[EXERCISE INSTRUCTIONS]
Extract the whole listing as it stands. Do not include the pictures.

[DATA SECTION]

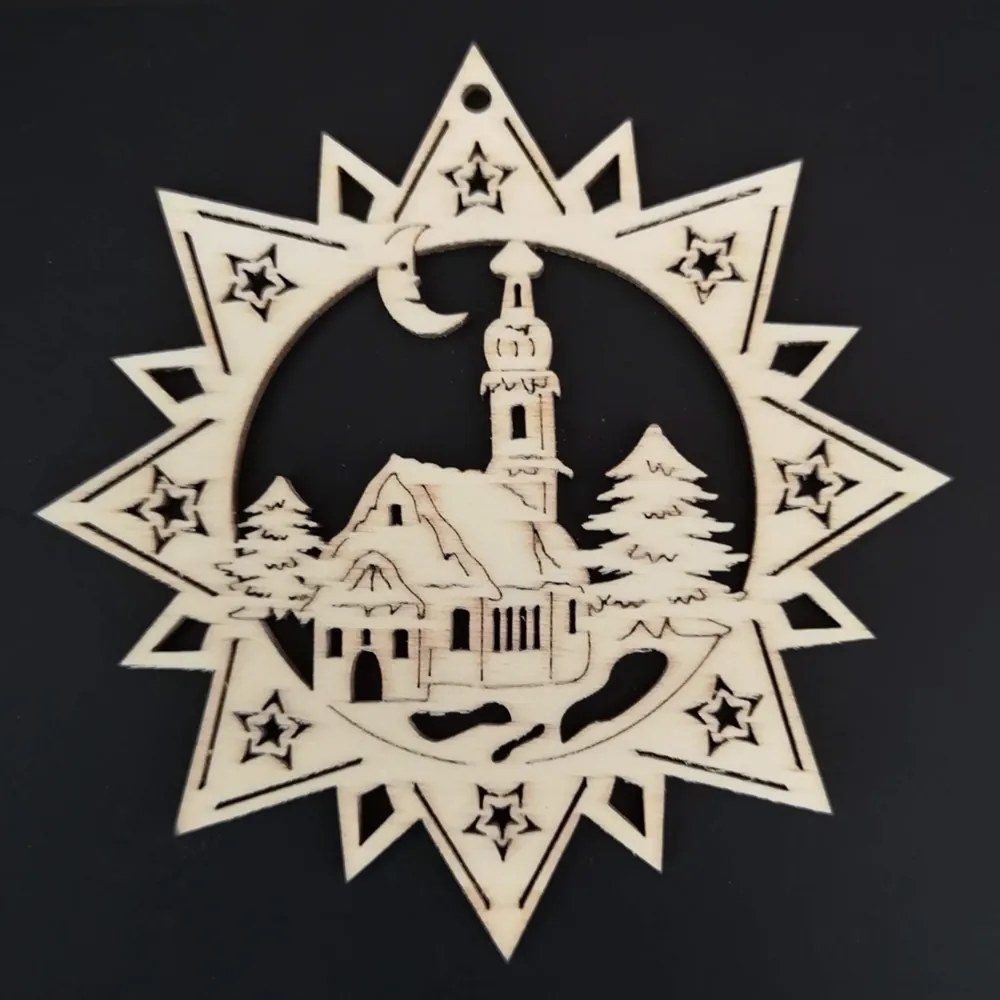 AMADEA Drevená ozdoba hviezda s kostolom 9 cm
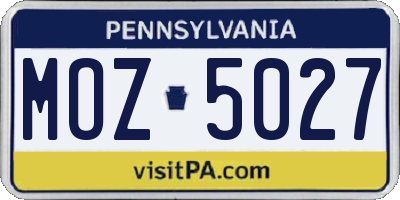 PA license plate MOZ5027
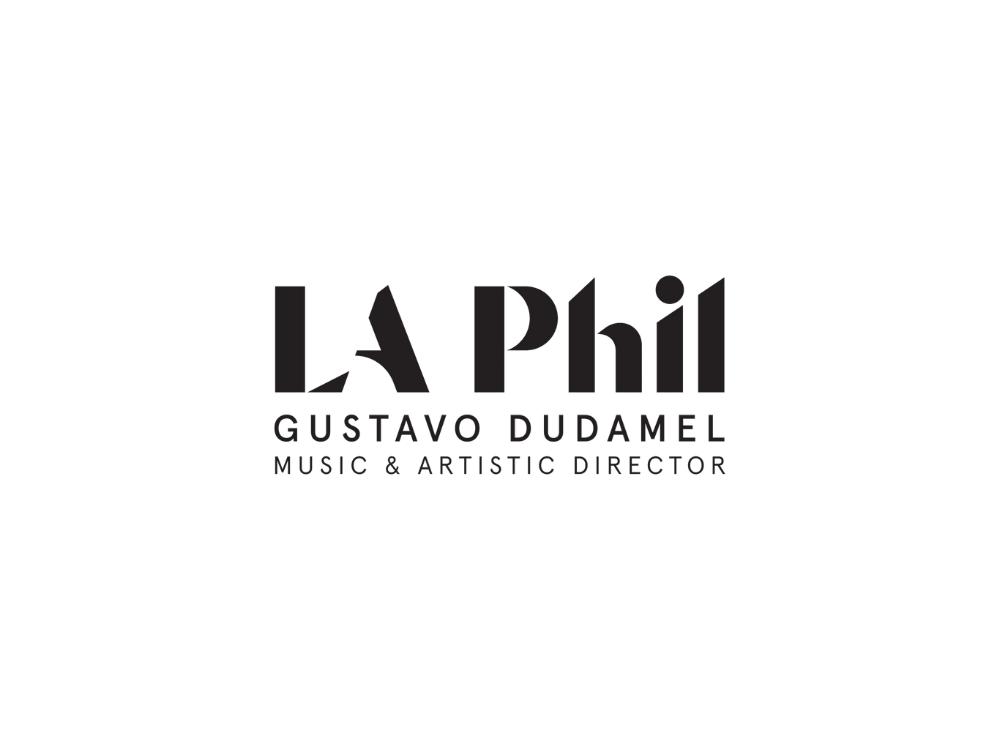 Logo for La Phil featuring Gustavo Dudamel, Music & Artistic Director.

[REPLY TO THE EXERCISE]
 AMADEA Drevená ozdoba hviezda s kostolom 9 cm
 PA license plate MOZ5027
 Logo for La Phil featuring Gustavo Dudamel, Music & Artistic Director.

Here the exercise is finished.